From the diagram, we see that
$tan\theta = \dfrac{x}{R} \Rightarrow x = R tan\theta \Rightarrow dx = R d tan\theta = R sec^2\theta d\theta$
Substituting the dx and x values that we get into the integral and setting the limits from $-\dfrac{\pi}{2}$ to $-\dfrac{\pi}{2}$ which is the plane we are considering, as evident in the diagram.
$\Rightarrow \dfrac{\mu_0 IR^2}{2} \int_{-\pi /2}^{+\pi /2} \dfrac{R\;sec^2\theta\;d\theta }{(R^2 + R^2\;tan^2\theta)^{3/2}} \Rightarrow \dfrac{\mu_0 IR^2}{2} \int_{-\pi /2}^{+\pi /2} \dfrac{R\;sec^2\theta\; d\theta }{(R^2)^{3/2}(1 +tan^2\theta)^{3/2}} \Rightarrow \dfrac{\mu_0 IR^2}{2} \int_{-\pi /2}^{+\pi /2}\dfrac{R\;sec^2\theta\; d\theta }{(R^2)^{3/2}(sec^2\theta)^{3/2}}$
$\Rightarrow \dfrac{\mu_0 IR^2}{2} \int_{-\pi /2}^{+\pi /2}\dfrac{R\;sec^2\theta\; d\theta }{(R^3sec^3\theta)} = \dfrac{\mu_0 IR^2}{2R^2} \int_{-\pi /2}^{+\pi /2} \dfrac{1}{sec\theta}d\theta = \dfrac{\mu_0 I}{2} \int_{-\pi /2}^{+\pi /2} cos\theta\;d\theta$
$\Rightarrow \dfrac{\mu_0 I}{2} \left[sin\theta\right]_{-\pi /2}^{+\pi /2} = \dfrac{\mu_0 I}{2} \left[-sin\left(\dfrac{- \pi}{2}\right) – (-)sin\left(\dfrac{+ \pi}{2}\right)\right] = \dfrac{\mu_0 I}{2} \times 2 $
$\Rightarrow \int_{-\infty}^{+\infty} \vec{B}.d\vec{r} = \mu_0 I$
Given in question that $\int_{-\infty}^{+\infty} \vec{B}.d\vec{r} = X\mu_0I$
Comparing our result we get $X=1$.

Note:
Do not forget to alter the integration limits when you change the integrating parameter.
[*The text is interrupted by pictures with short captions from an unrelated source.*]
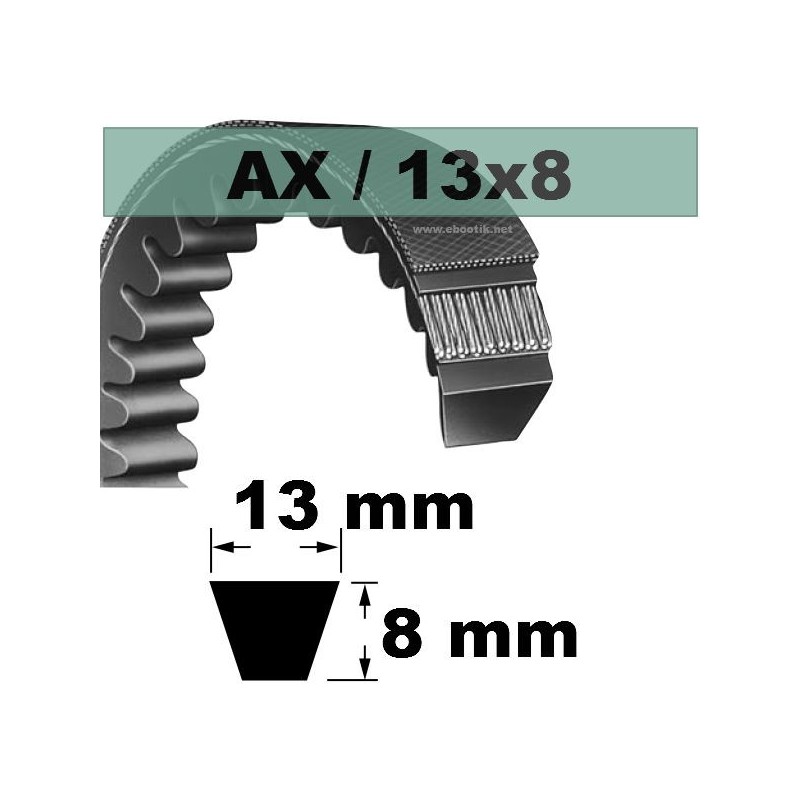 COURROIE TRAPEZOIDALE CRANTEE AX24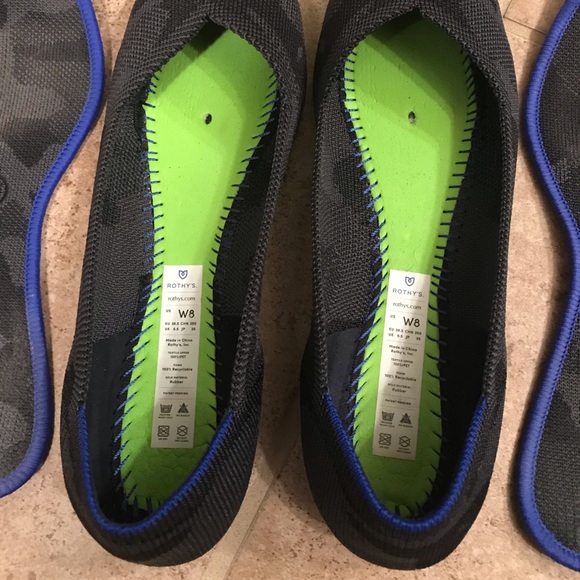 Rothys Gray Camo Points, size 8 - Picture 3 of 3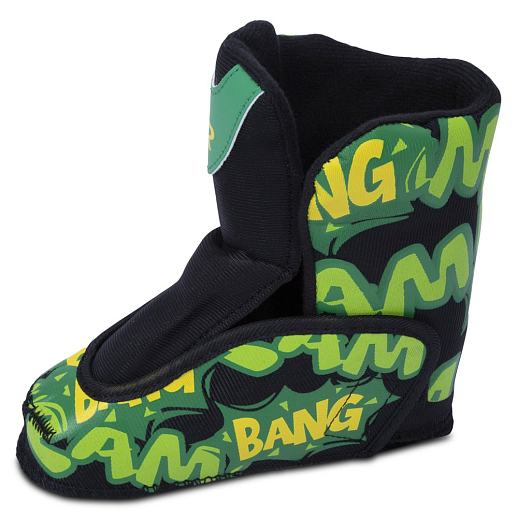 Набор CITYRIDE роликовые коньки-квады, шлем, защита, пластиковый мысок, колёса PU 80 и 40 мм, подшипники ABEC 5 углеродистая сталь, шлем белый пенополистирол, защита текстиль с пластиковыми накладками, 5 конусов в комплекте, вес до 40 кг, чёрный-зелёный, в н-сумке в Джамбо Тойз #11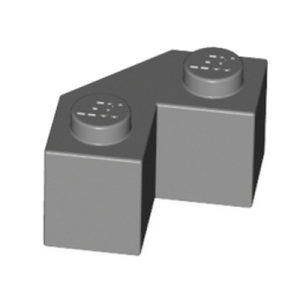 Steen 2x2, met 45° hoek grijs 87620/4624186 (set van 10 stuks)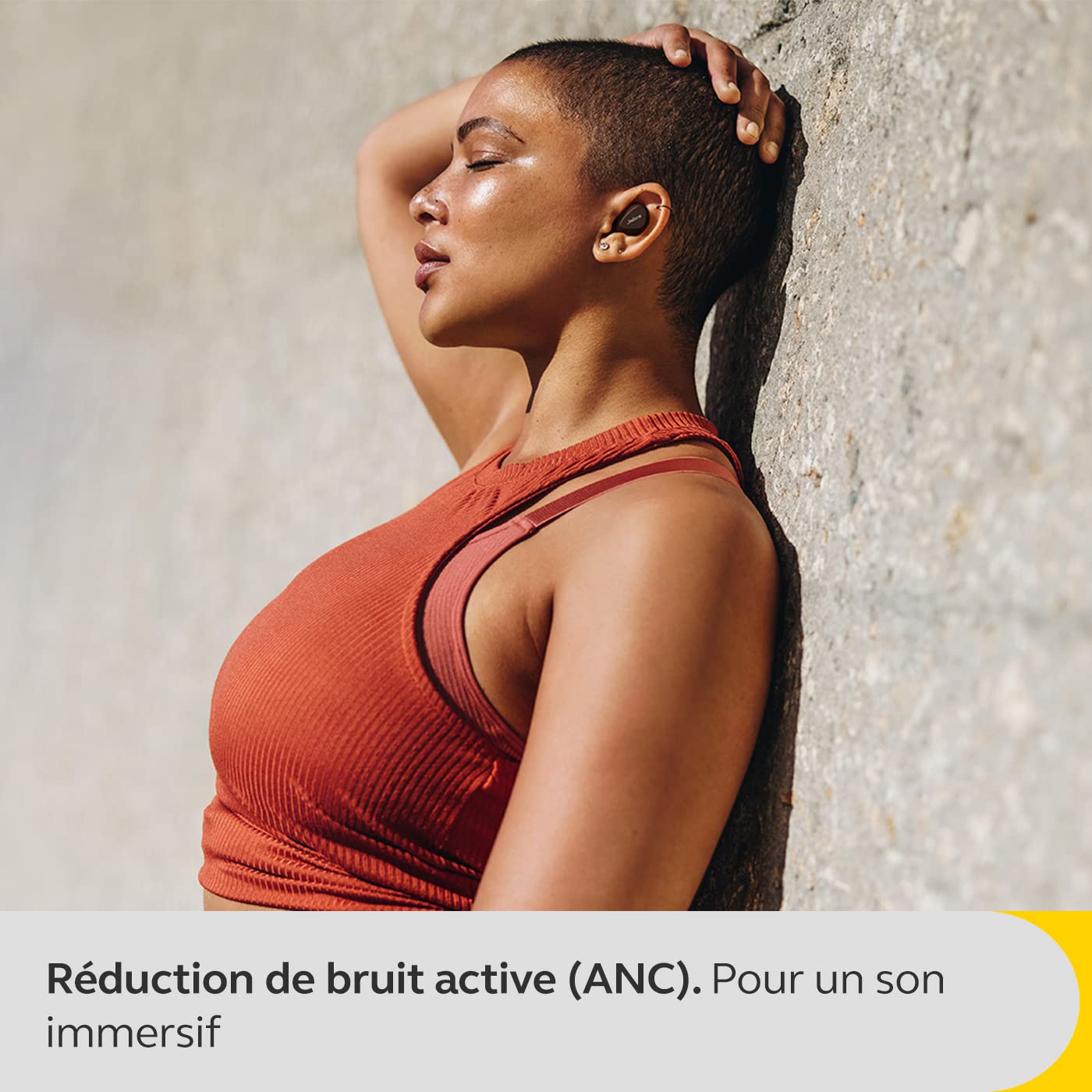 Jabra Elite 3 écouteurs Bluetooth sans Fil Active True pour Les Sports avec réduction Active du Bruit (ANC), 4 Microphones intégrés pour Les appels clairs, Petite Coupe Ergonomique - Noir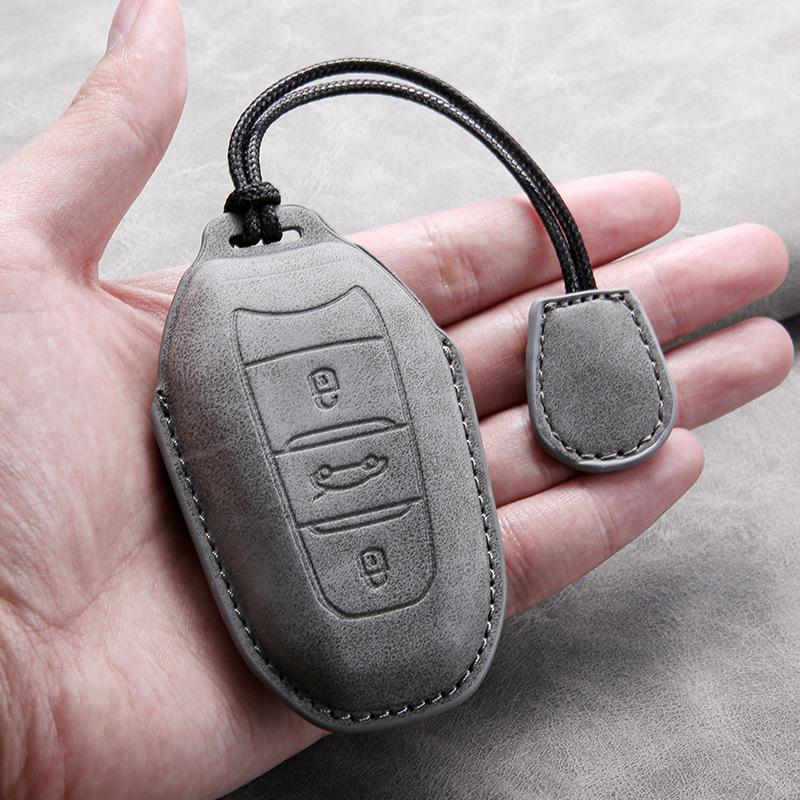 Compatible Peugeot Key Cover for Models 408, 308, 4008, 2008, 5008, 3008, 508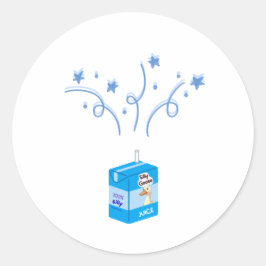 Silly goose party blue runt klistermärke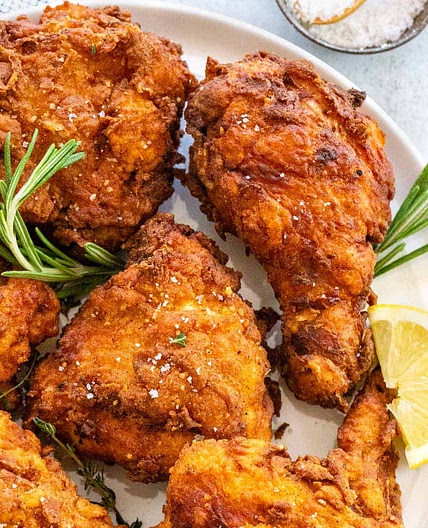 Oven-Fried Chicken Thighs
Here, we changed our parameter from length or distance to the angle between the point on the loop and the projecting displacement vector.
Also, you can use the right hand thumb rule to determine the direction of the magnetic field produced by the current carrying loop. Make a closed fist but keep your thumb upright, and let the curling of your fingers denote the direction of the current in the loop. Consequently, the direction that your thumb points gives the magnetic field direction.
Additionally, note that Ampere’s circuital law for a current carrying loop given by
$\oint \vec{B}.d\vec{r} = \mu_0 I$ given by the line integral over the closed loop cannot be derived. Its validity is based on the correctness of the results which it predicts.